In many card games, suits are interchangeable, so that one would be indifferent between the (4-card) hands: $5\diamondsuit \ 6\spadesuit \ 7\heartsuit \ J\heartsuit$ and $5\spadesuit \ 6\diamondsuit \ 7\clubsuit \ J\clubsuit$. I'm interested in the number of $n$-card hands which are essentially different, that is, They are distinct under every possible relabeling of the suits. Put another way, two hands are essentially the same if there is some relabeling of the suits that makes them identical. Specifically, if it matters, I am most interested in the case $n=6$.
Lots of people have done similar calculations for $n=5$, due to the poker connection, but their analyses are always poker-centric. In particular, every general explication of $n$-card hands I've found assumes that one is going to make their best 5-card hand. I haven't been able to find any reference to this specific problem, and I'd really like to avoid having to do it from scratch.
Searching the broader internet and M.SE both turn up lots of specific homework-type problems looking for the number of one specific type of hand.

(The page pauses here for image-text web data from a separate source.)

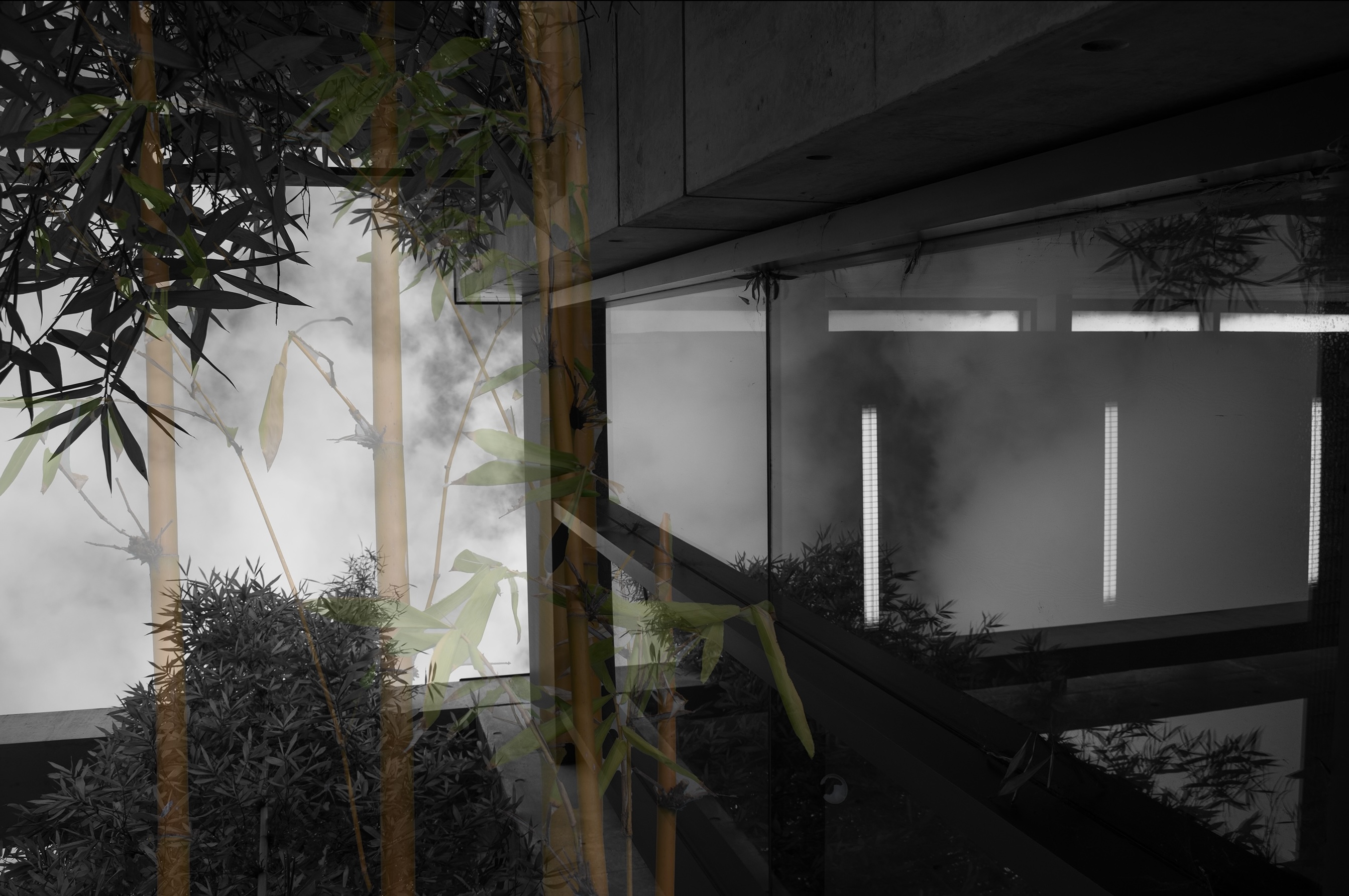 A layered photograph with a black-and-white background of a building with glass windows, the sky, and reflections in the glass. A second layer of dark green bamboo found near the building overlays the scene.
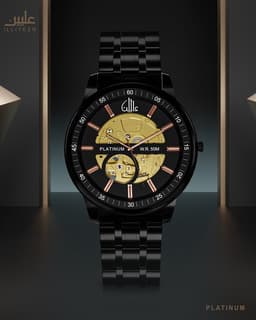 Platinum Watch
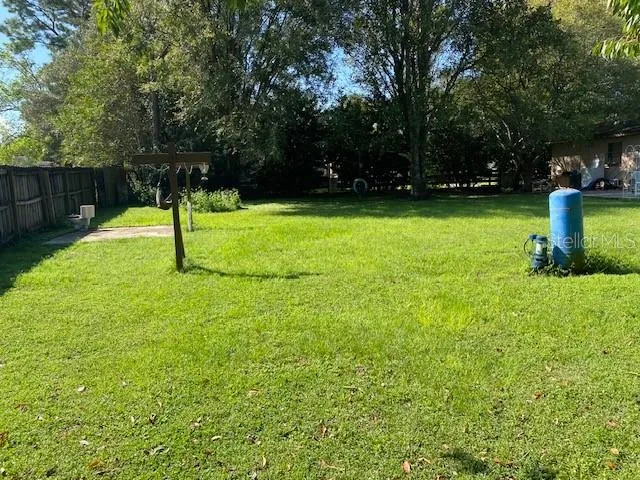 Back yard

Obviously one could enumerate all distinct 6-card hands ignoring suits and then count the ways to add suit-shapes to them; I'd really like to avoid that. Surely there's either a quick way to answer the question, or an answer out there somewhere already?
Best Answer
Based on a comment by @lulu, it appears that the answer is given by the coefficient of $x^6$ in the expansion of the $4$th Complete Bell Polynomial $$B_4(\{0!\cdot(1+x)^{13}, \ 1!\cdot(1+x^2)^{13}, \ 2!\cdot(1+x^3)^{13}, \ 3!\cdot(1+x^4)^{13}\})$$ divided by $6!$. Here is the Mathematica code I used to generate the polynomial, and its result:
Giving the solution 23,111,712 / 24 = 962,988 distinct hands.
This solution is based on the "Formula" comment found at the OEIS link here. I haven't been able to find another reference for it, but using a brute force algorithm, I was able to confirm the result.